# PROBLEM DETAILS:
Quote the entries in full, character for character, without their images.

Image-caption web data:
● ● ● ● ● ● ●

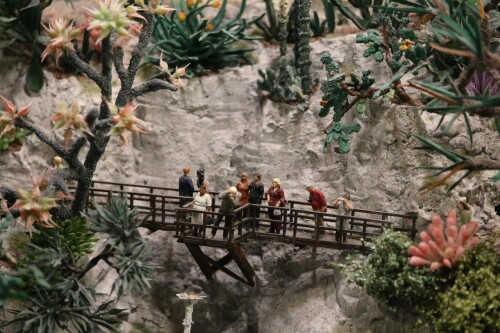 Kaktus_Kakteen_Garten_Miniaturwunderland_Berge_Frankreich_MiWuLa_Modellbahn-4.jpg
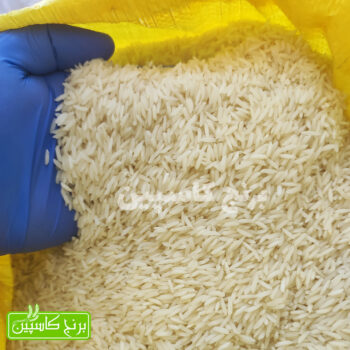 برنج شیرودی فریدونکنار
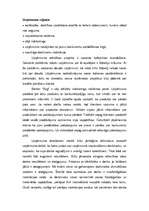 Referāts 'Mārketings', 8.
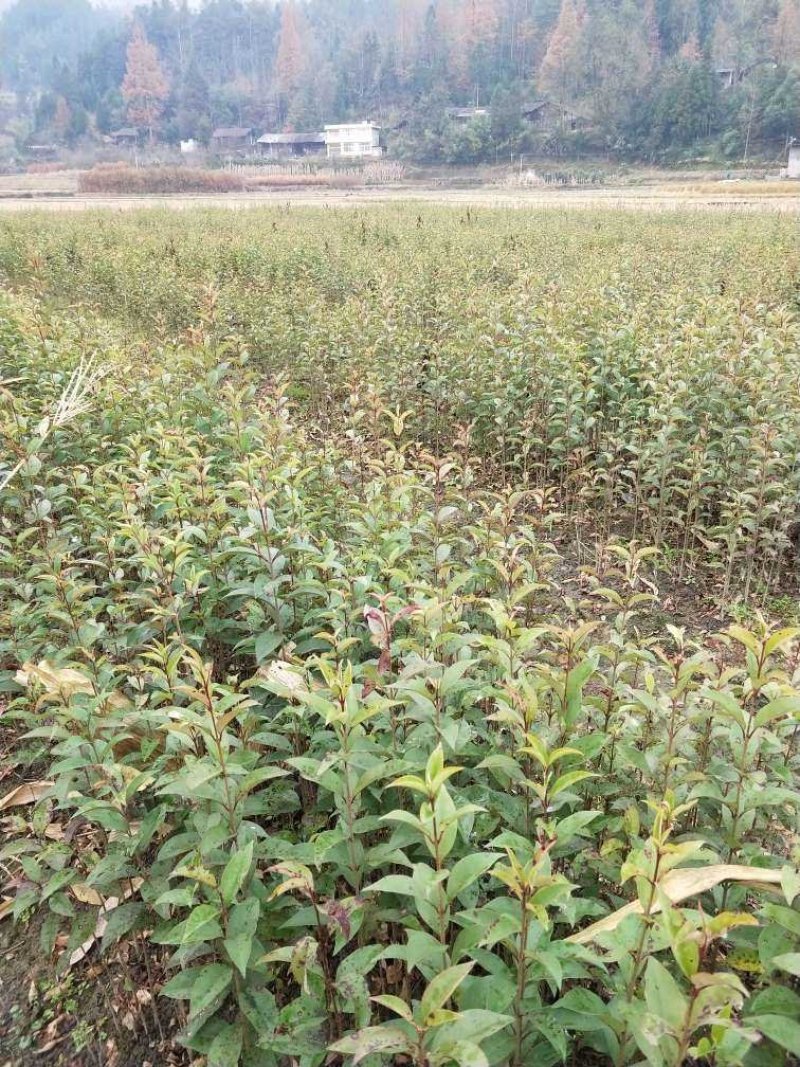 大叶女贞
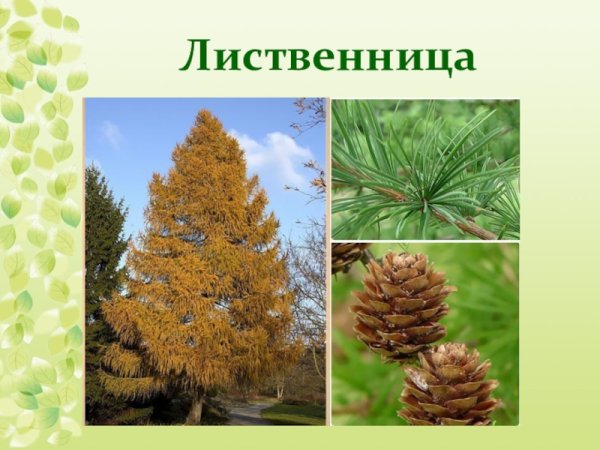 Лиственница европейская хвоинки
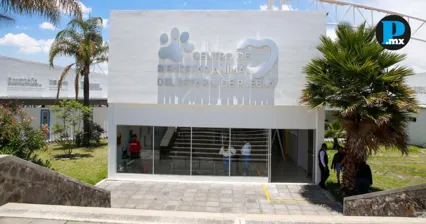 Solo 34 municipios atienden el bienestar animal en Puebla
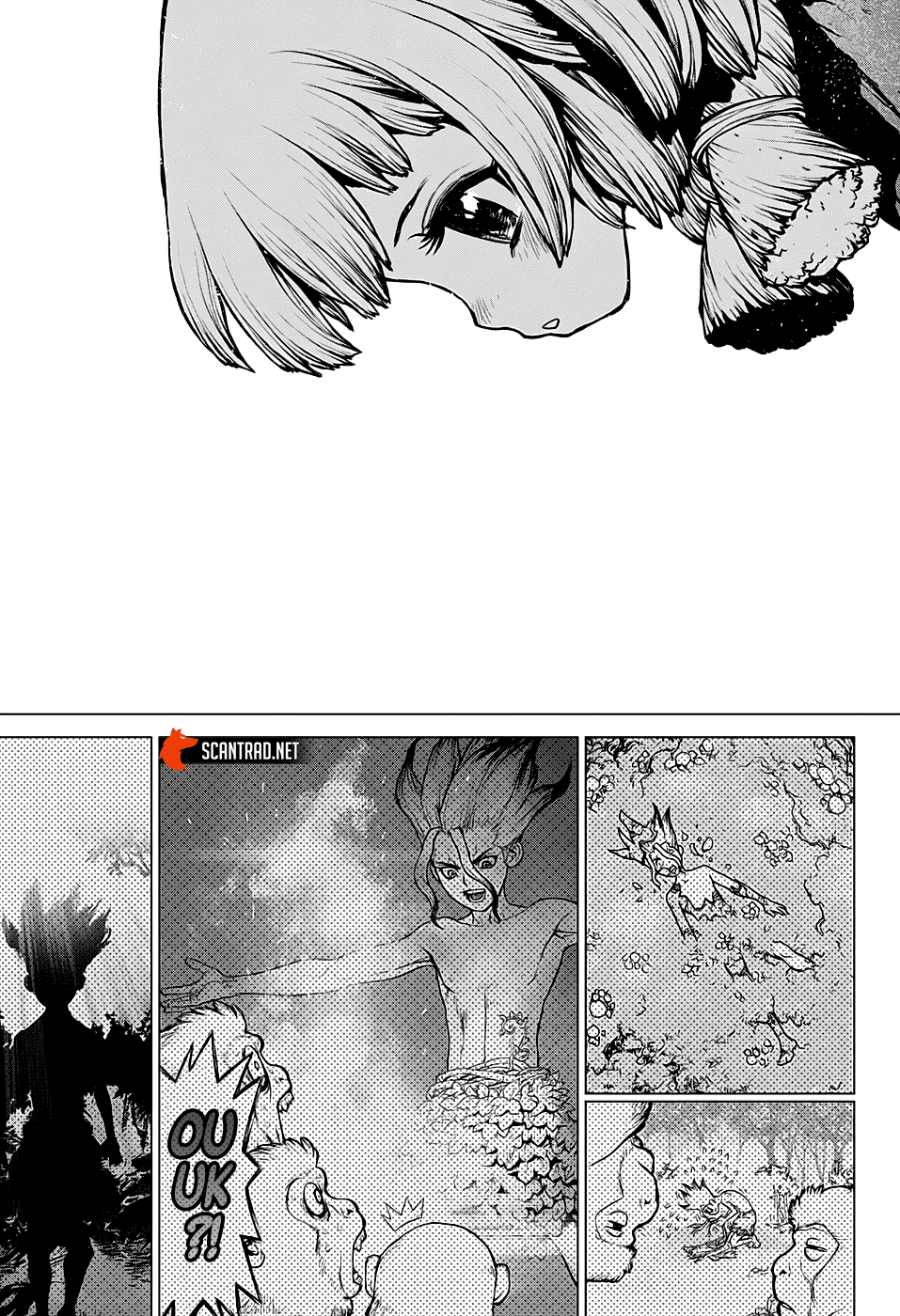 Dr. Stone: Chapter chapitre-194 - Page 14
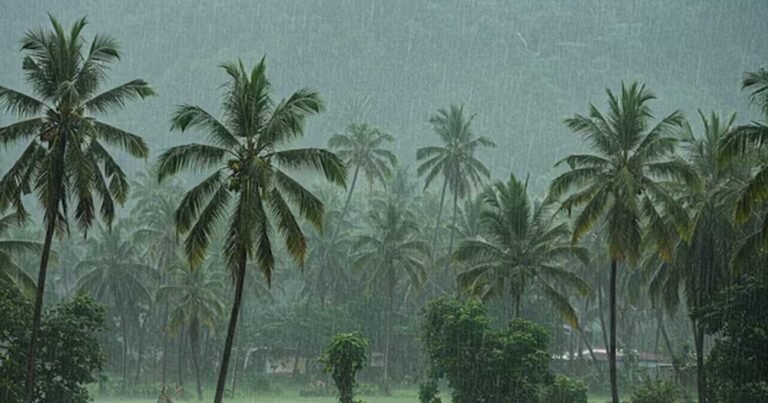 समय से पहले दस्तक की उम्मीद टूटी, आखिर क्यों लेट हुआ मॉनसून?
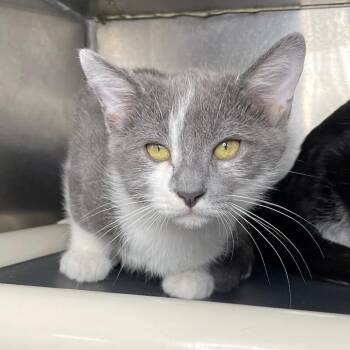 Jambalaya -  Domestic Short Hair Cat for Adoption in Roanoke, Virginia - Jambalaya | PetCurious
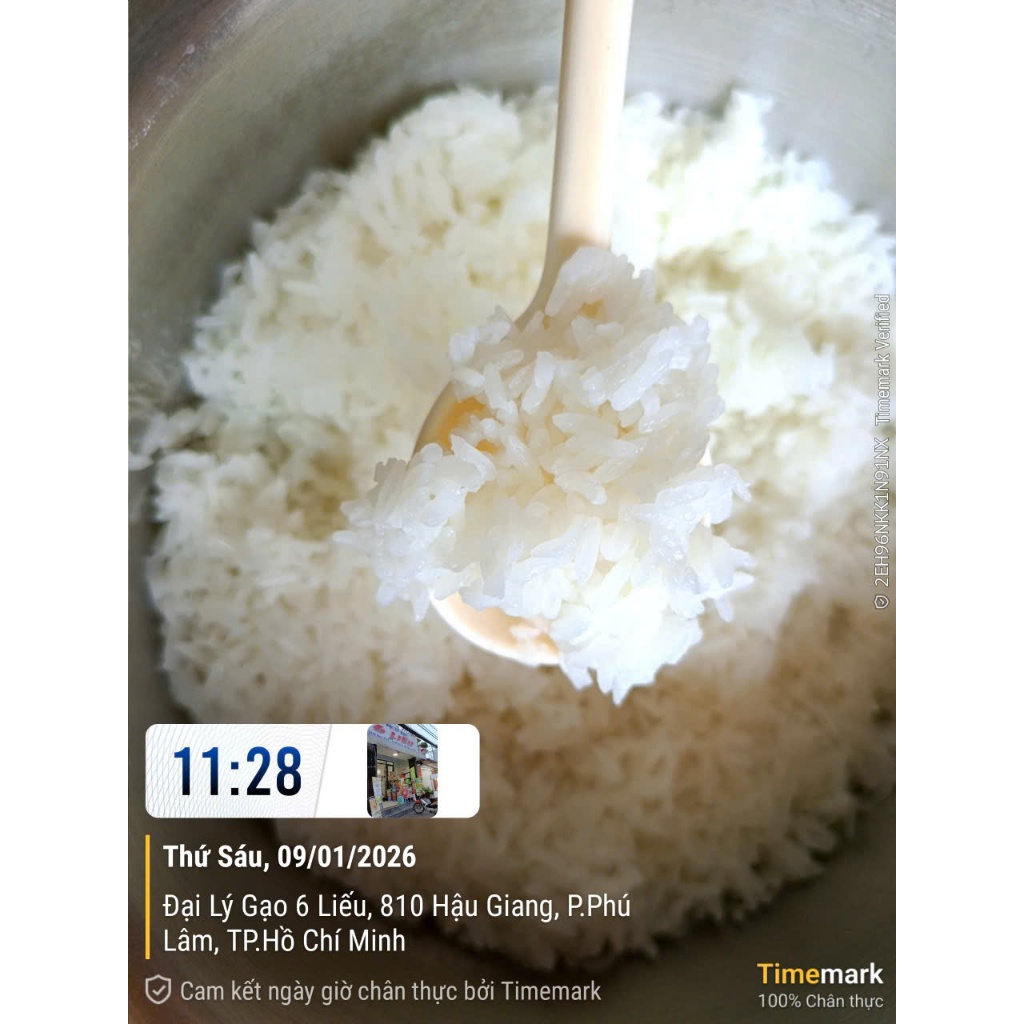 10kg Thơm Lài Campuchia ( mới ) lúa 6 tháng - dẻo mềm, ngọt cơm, thơm - không chất bảo quản, không chất chống mọt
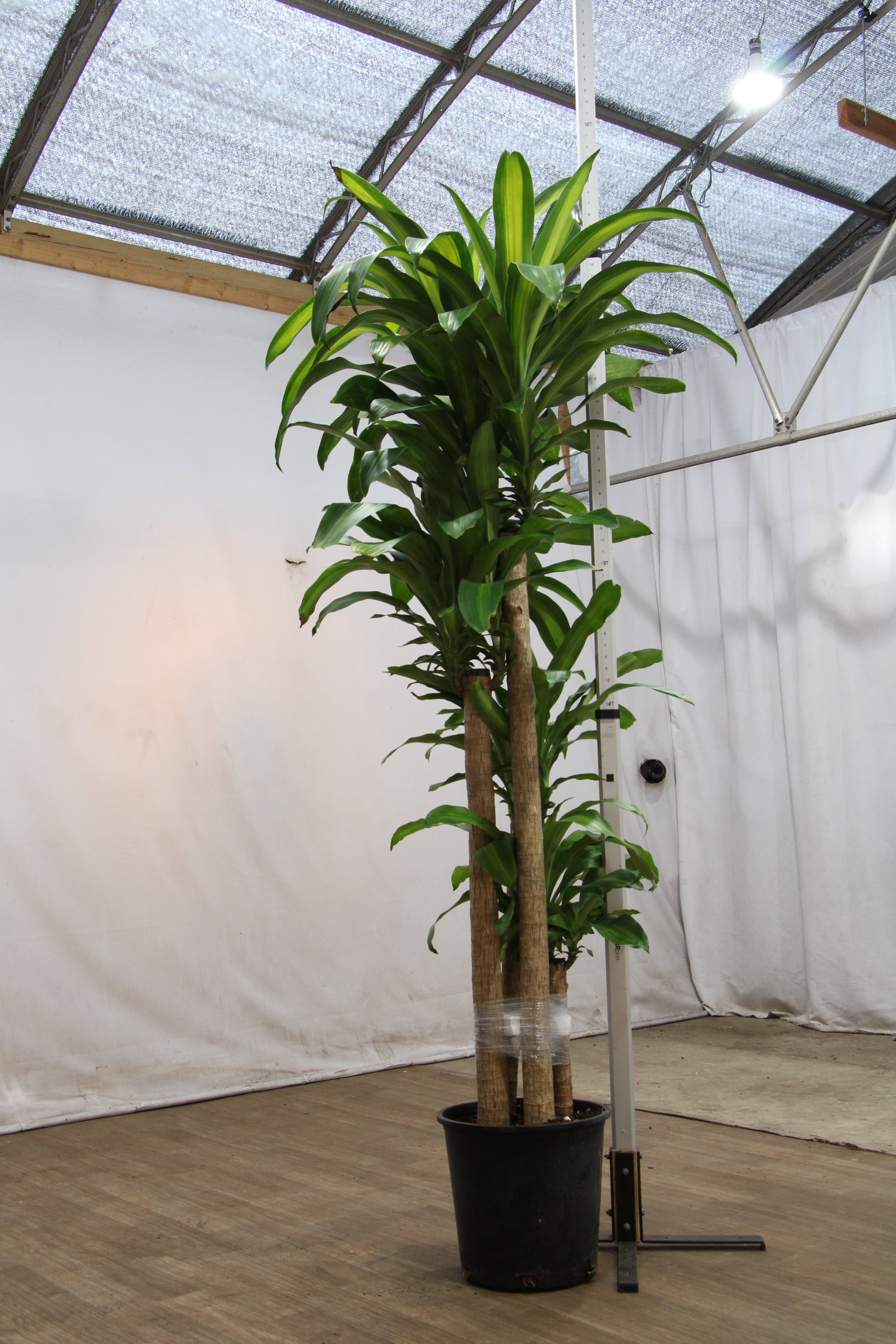 dracaena massangeana cane plant 6-8ft Mass Cane – Dahing Plants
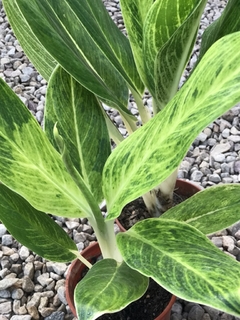 AGLAONEMA KING OF SIAM - Plantery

● ● ● ● ● ● ●

# SOLVED EXERCISE:
 Kaktus_Kakteen_Garten_Miniaturwunderland_Berge_Frankreich_MiWuLa_Modellbahn-4.jpg
 برنج شیرودی فریدونکنار
 Referāts 'Mārketings', 8.
 大叶女贞
 Лиственница европейская хвоинки
 Solo 34 municipios atienden el bienestar animal en Puebla
 Dr. Stone: Chapter chapitre-194 - Page 14
 समय से पहले दस्तक की उम्मीद टूटी, आखिर क्यों लेट हुआ मॉनसून?
 Jambalaya -  Domestic Short Hair Cat for Adoption in Roanoke, Virginia - Jambalaya | PetCurious
 10kg Thơm Lài Campuchia ( mới ) lúa 6 tháng - dẻo mềm, ngọt cơm, thơm - không chất bảo quản, không chất chống mọt
 dracaena massangeana cane plant 6-8ft Mass Cane – Dahing Plants
 AGLAONEMA KING OF SIAM - Plantery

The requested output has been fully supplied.